═══ Exercise data

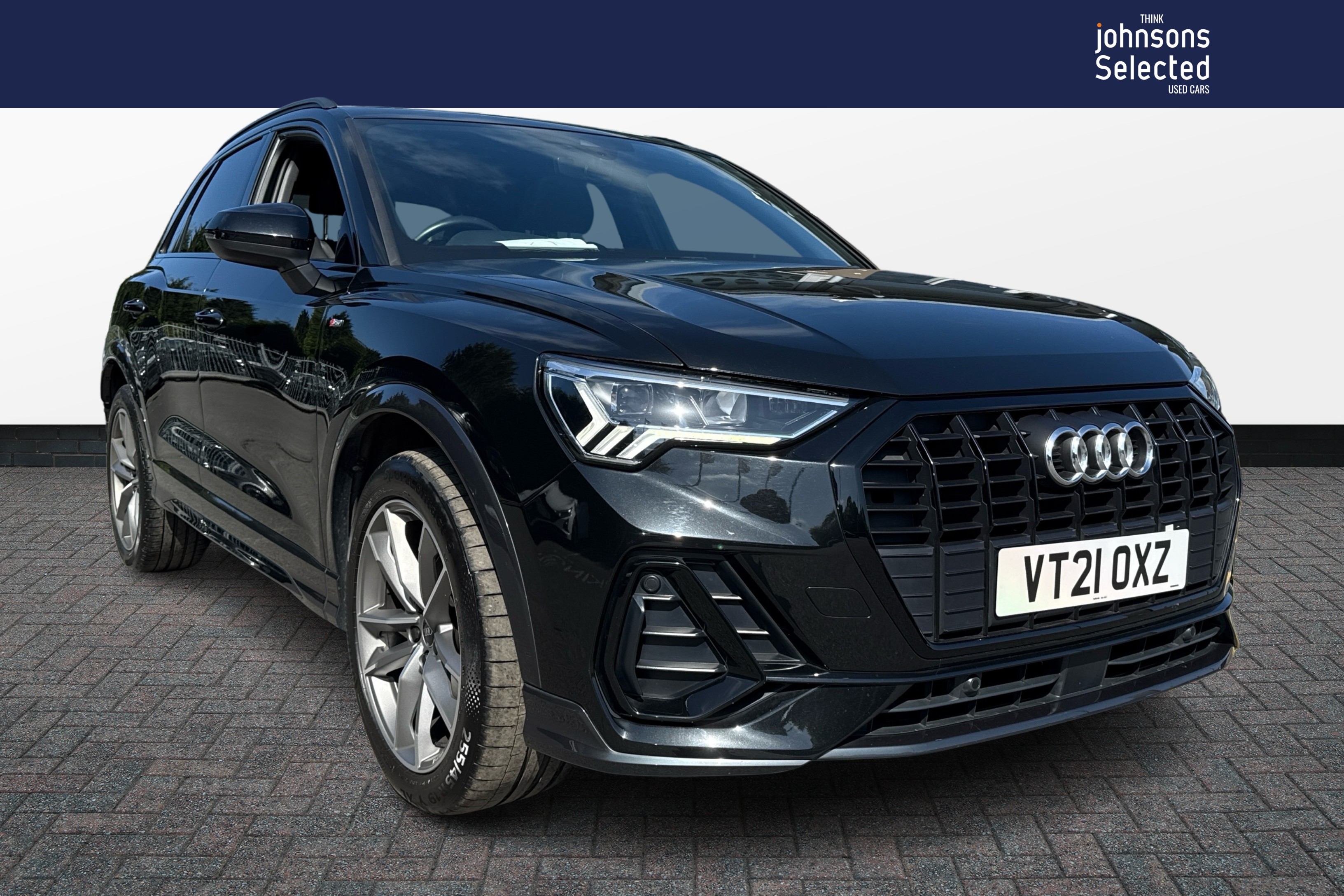 Main listing image - Audi Q3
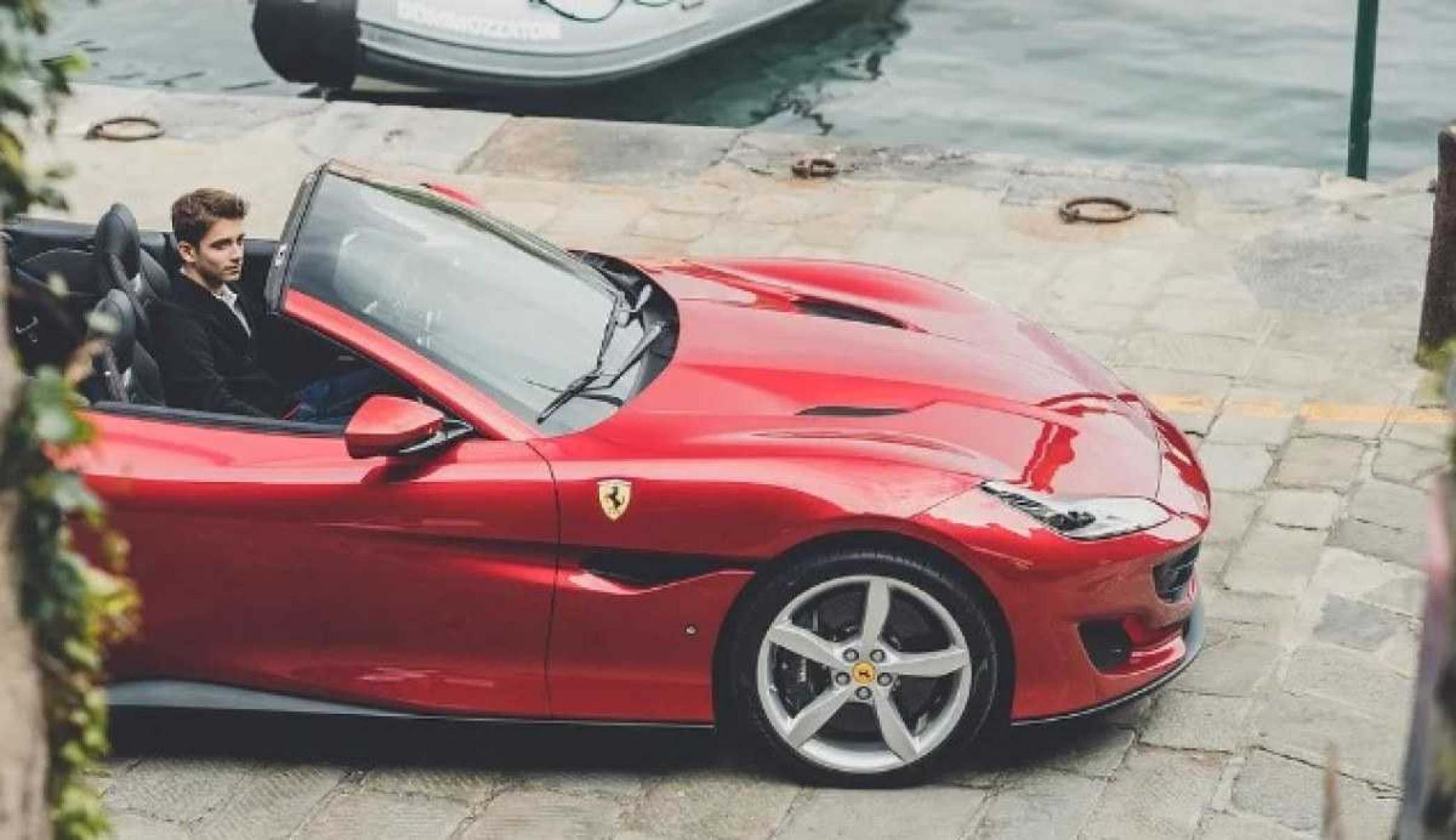 Leclerc dirige sua Ferrari Portofino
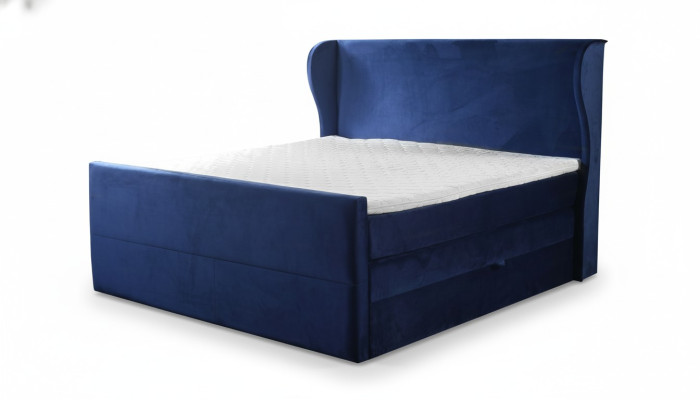 Cama doble de diseñador en estilo moderno con elementos minimalistas.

══════

_Try it_:
Starting from the line where "Leclerc dirige sua Ferrari Portofino" appears, copy every line through the end of the material, both ends included, but no pictures.

_Answer for the task_:
 Leclerc dirige sua Ferrari Portofino
 Cama doble de diseñador en estilo moderno con elementos minimalistas.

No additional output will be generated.